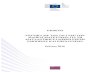 Εκθεση σχετικα με τον 14ο γυρο των ...trade.ec.europa.eu/doclib/docs/2016/october/tradoc...Έκθεση σχετικά με τον 14ο γύρο των διαπραγματεύσεων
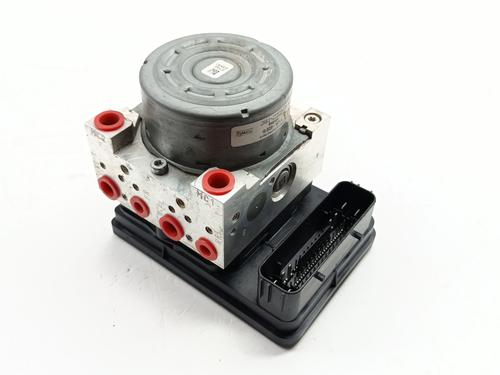 Used ABS pump ABS pump FORD FOCUS IV (HN) [2018-2026] 34216523 34216523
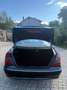 Mercedes-Benz 200 CDI ELEGANCE Azul - thumbnail 6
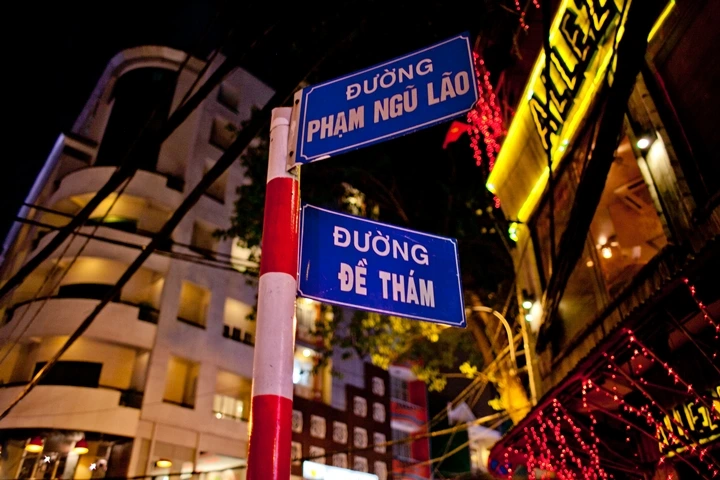 _MG_0032.JPG?type=w1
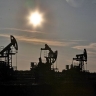 «Транснефть» опровергла данные об ограничениях приема нефти от производителей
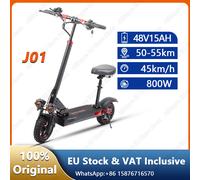 Ridstar Q20pro bicicletta elettrica 2000W doppio motore 52 v40ah doppia batteria freno idraulico Black 1000W 48V15AH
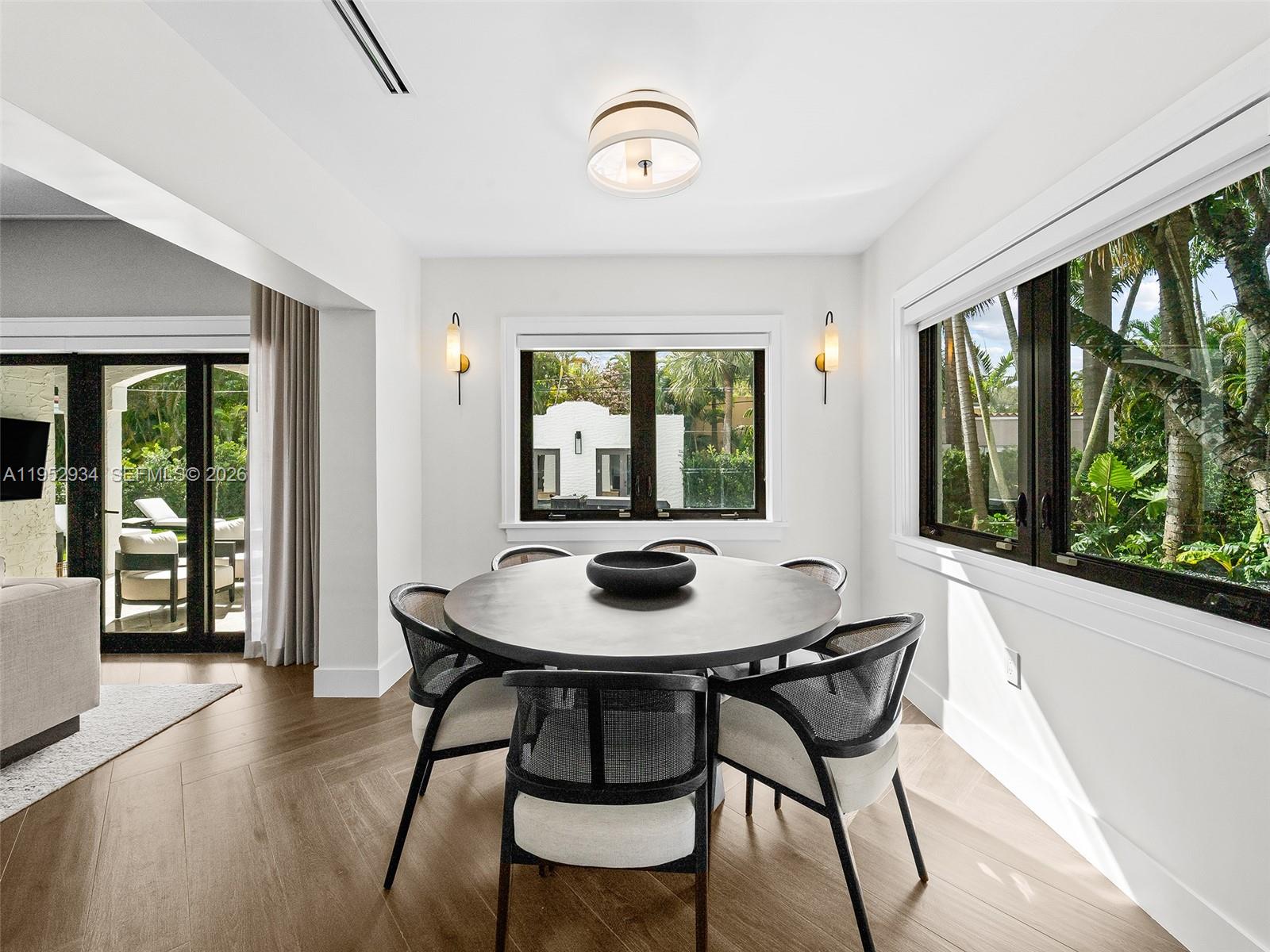 1236 Obispo Ave Coral Gables, FL 33134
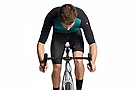 Assos Mens TACTICA Short-Sleeve Jersey T5 5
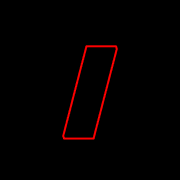 247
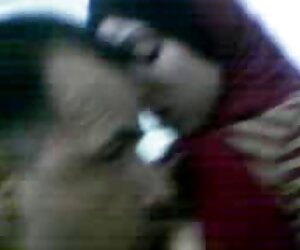 bir yapay erotica vintage movies penis ile oynuyor,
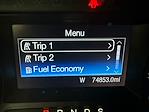 2017 Ford Explorer 4WD SUV for sale #5830U - photo 13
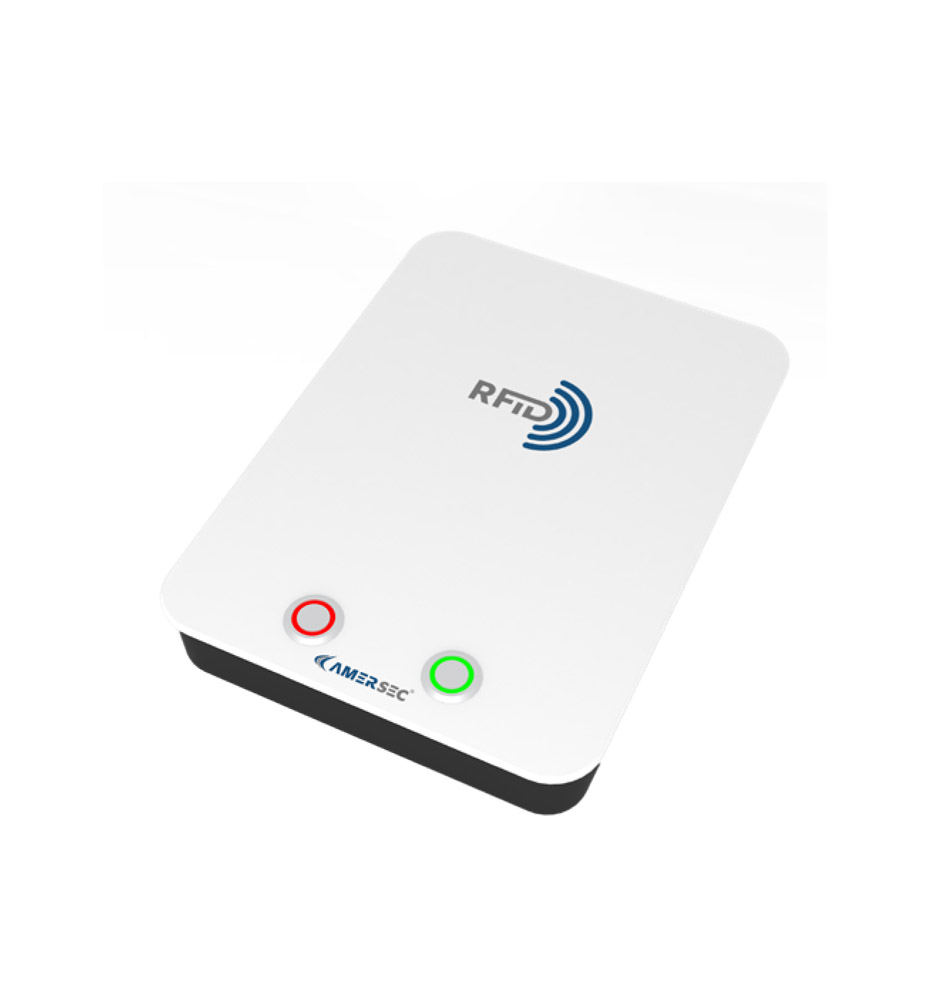 POS-ID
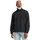 Full Zip schwarz L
————
* Exercise prompt *
Where the line containing "Ridstar Q20pro bicicletta" appears, begin writing out the lines exactly, and continue through the end of the material above, omitting pictures.

* Your response *
 Ridstar Q20pro bicicletta elettrica 2000W doppio motore 52 v40ah doppia batteria freno idraulico Black 1000W 48V15AH
 1236 Obispo Ave Coral Gables, FL 33134
 Assos Mens TACTICA Short-Sleeve Jersey T5 5
 247
 bir yapay erotica vintage movies penis ile oynuyor,
 2017 Ford Explorer 4WD SUV for sale #5830U - photo 13
 POS-ID
 Full Zip schwarz L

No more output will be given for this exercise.